Requirement - Transcribe, exactly and without pictures, the lines below from the line with "Roco 77041 Lot" to the line with "Veste courte en velours Femme Beige", both ends included, and no others.

Records -
========

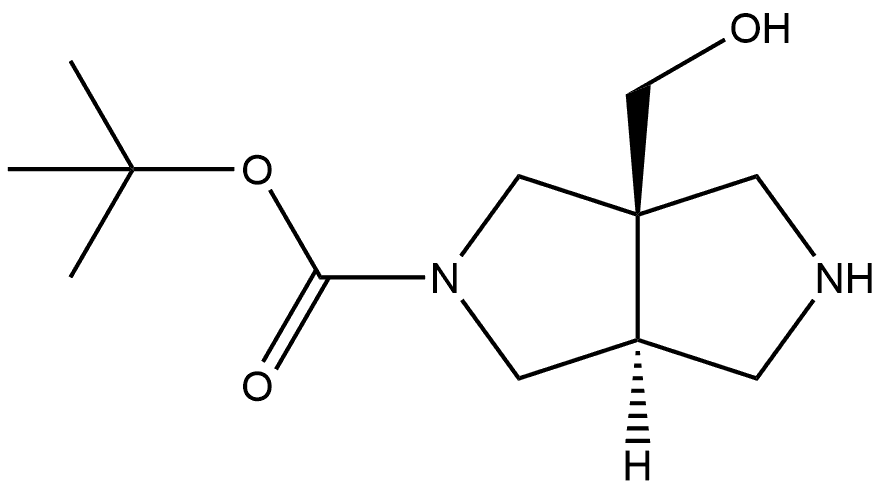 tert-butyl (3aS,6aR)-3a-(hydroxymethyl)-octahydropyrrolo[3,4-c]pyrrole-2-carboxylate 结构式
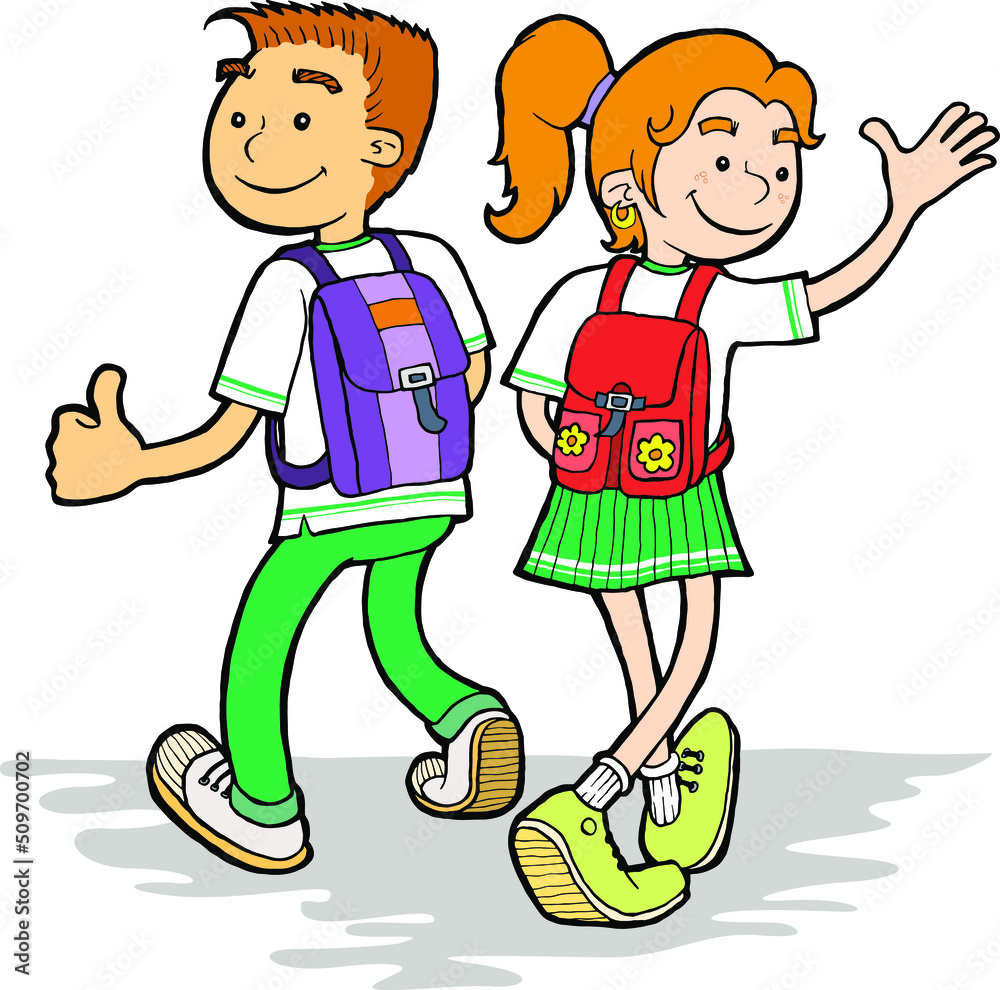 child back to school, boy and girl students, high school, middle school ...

========

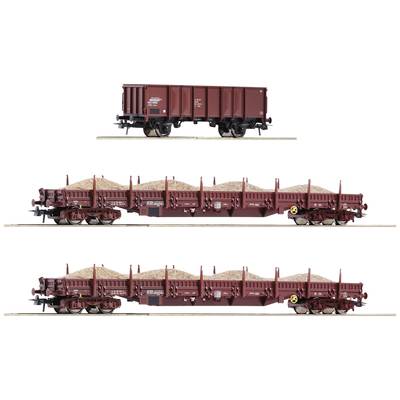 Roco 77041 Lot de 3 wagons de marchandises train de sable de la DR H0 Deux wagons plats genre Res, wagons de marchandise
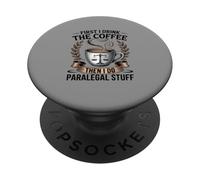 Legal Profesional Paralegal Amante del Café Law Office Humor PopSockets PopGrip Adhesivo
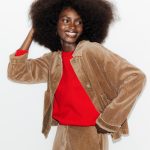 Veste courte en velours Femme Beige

========

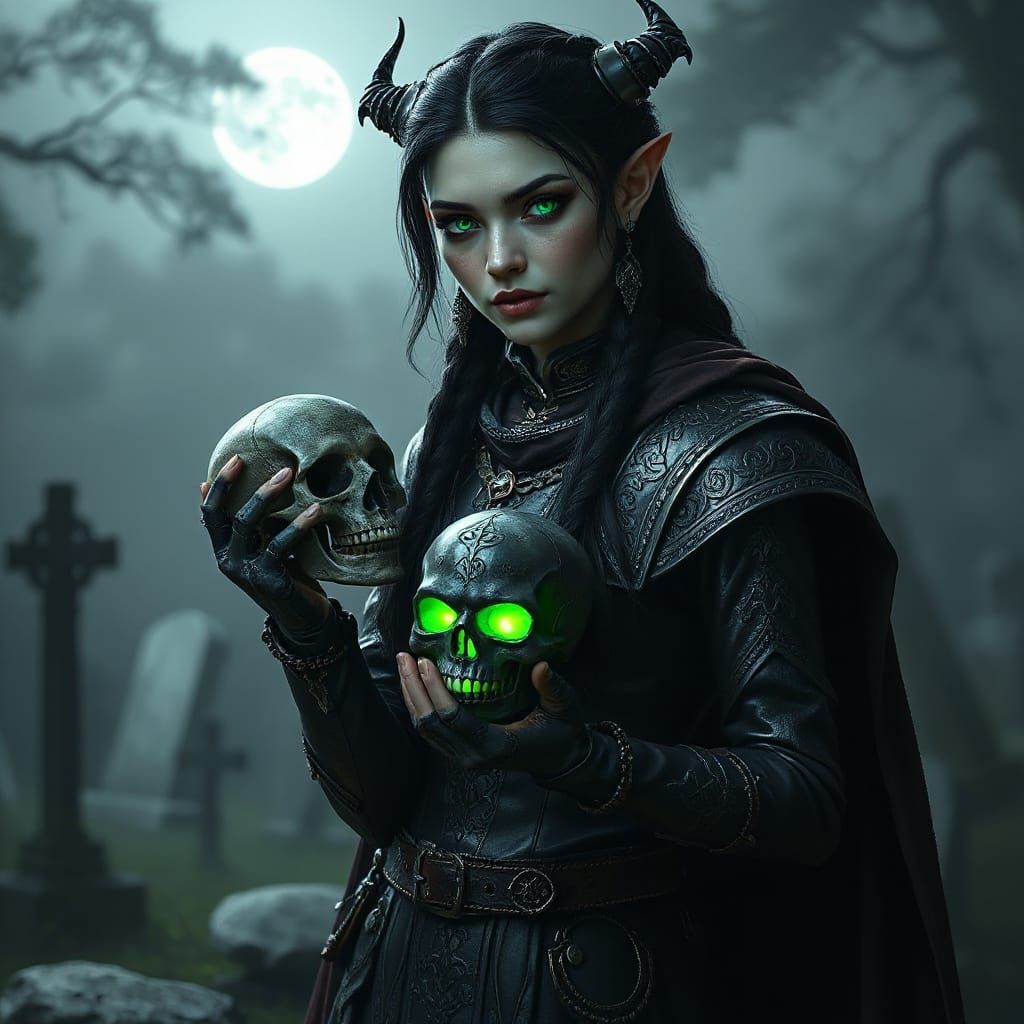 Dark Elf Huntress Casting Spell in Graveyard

========

Exercise response -
 Roco 77041 Lot de 3 wagons de marchandises train de sable de la DR H0 Deux wagons plats genre Res, wagons de marchandise
 Legal Profesional Paralegal Amante del Café Law Office Humor PopSockets PopGrip Adhesivo
 Veste courte en velours Femme Beige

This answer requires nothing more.